BIOGRAPHICAL SKETCHES OF PROMINENT AND
REPRESENTATIVE CITIZENS AND OF MANY OF THE EARLY SETTLED FAMILIES
PUBLISHER: J.H.BEERS & CO., CHICAGO; 1903
P.
383
ALONZO
LYMAN HOWARD, a merchant at Stafford
Springs, with a varied and creditable history behind him, was born in Stafford,
Tolland Co., Conn., April 9, 1841, and is a son of Alonzo Azariah Howard, who
was a farmer, and who married Angeline Colton.

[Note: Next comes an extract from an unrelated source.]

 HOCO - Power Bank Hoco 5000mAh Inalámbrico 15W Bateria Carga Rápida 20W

The father died June 20, 1840, at the age of thirty years, leaving to
those who followed him the memory of an honest and hard-working man, who thought
it enough to attend to his own business, and while he took Democratic ground,
was not seeking office or anxious for political emoluments.

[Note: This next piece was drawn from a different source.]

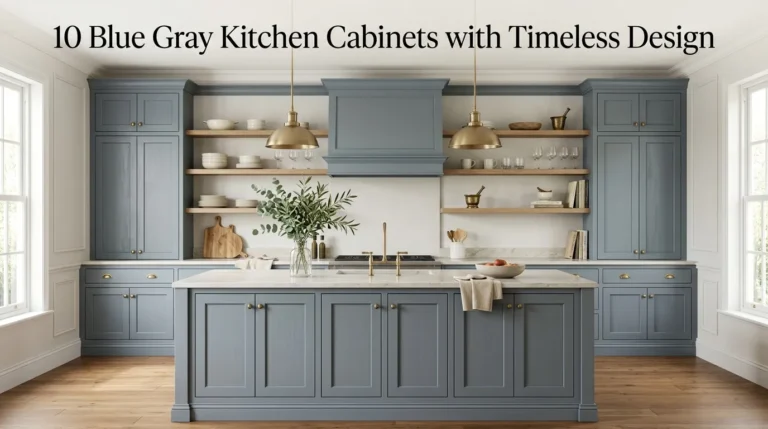 Blue Gray Kitchen Cabinets with Timeless Design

Of medium size, and quite healthy, his death came as the result of a fall
from a building he was assisting in moving.
Alonzo
A. Howard was married Nov. 18, 1834, to Angeline Colton, who was born July 22,
1818, a daughter of Chauncey and Loruhamah (Hancock) Colton, of Monson, Mass.
Mr. Colton was a tanner and for many years was in business for himself. To
this union were born two children: (1)
Harriet Alvira, born Jan. 24, 1837, in Stafford, married John Fay Hyde, of
Sturbridge, Mass., April 26, 1870. Until
he reached the age of forty, he was a farmer, but then became a banker, and with
his wife removed to Buda, Ill., where he died Sept. 3, 1889.
(2) Alonzo L.
Mrs.
Howard did not remain a widow long, but was married Oct. 3, 1844, at Monson,
Mass., to Joseph Dorsett, a man of quiet and unassuming character, but of
genuine worth. He was a carpenter
and farmer, and died Oct. 31, 1870. To
this second marriage was born Olive Malvina, April 27, 1846, who married G.W.

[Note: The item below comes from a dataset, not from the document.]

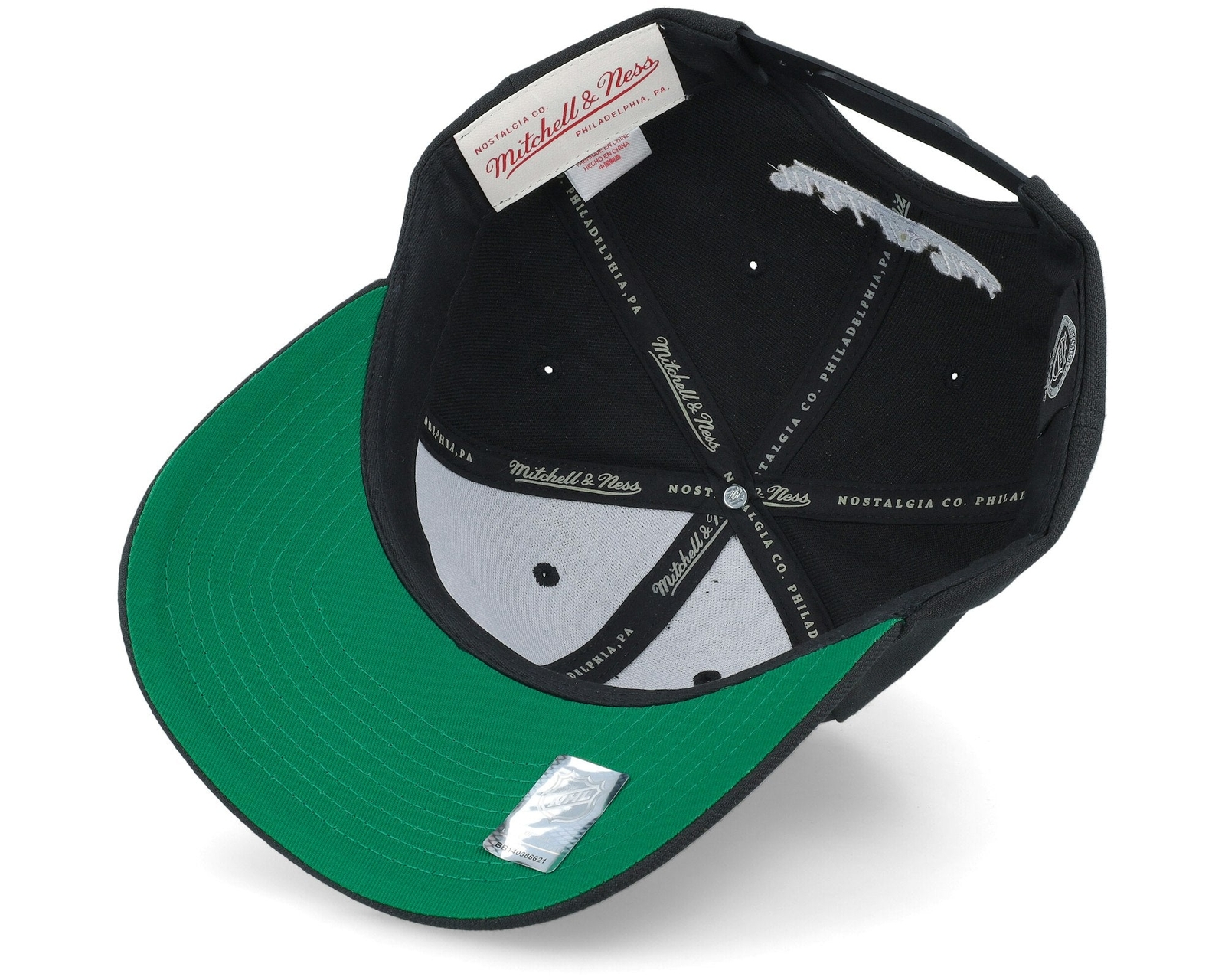 MENS MITCHELL & NESS NHL TEAM GROUND 2.0 PRO SNAPBACK SHARKS – BLACK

Chamberlain, a shipping clerk in the Jewell Belting Company of Hartford, by whom
she had one child, Palmer Harrison, married to May Lucinda Case, and the
bookkeeper for a firm in West Hartford. On
his mother’s side, Mr. Howard descended from Moses Hancock, his
great-grandfather, who served seven years in the Continental army.
Abijah
Howard, the grandfather of Alonzo L., lived on the old Howard homestead in West
Stafford many years, where he died about 1838, having been a lifelong farmer.
The farm on which he lived was a large one and he is remembered as a
hard-working man. Phoebe Butler, who
became his wife, was born in Monson, Mass., and died in 1848.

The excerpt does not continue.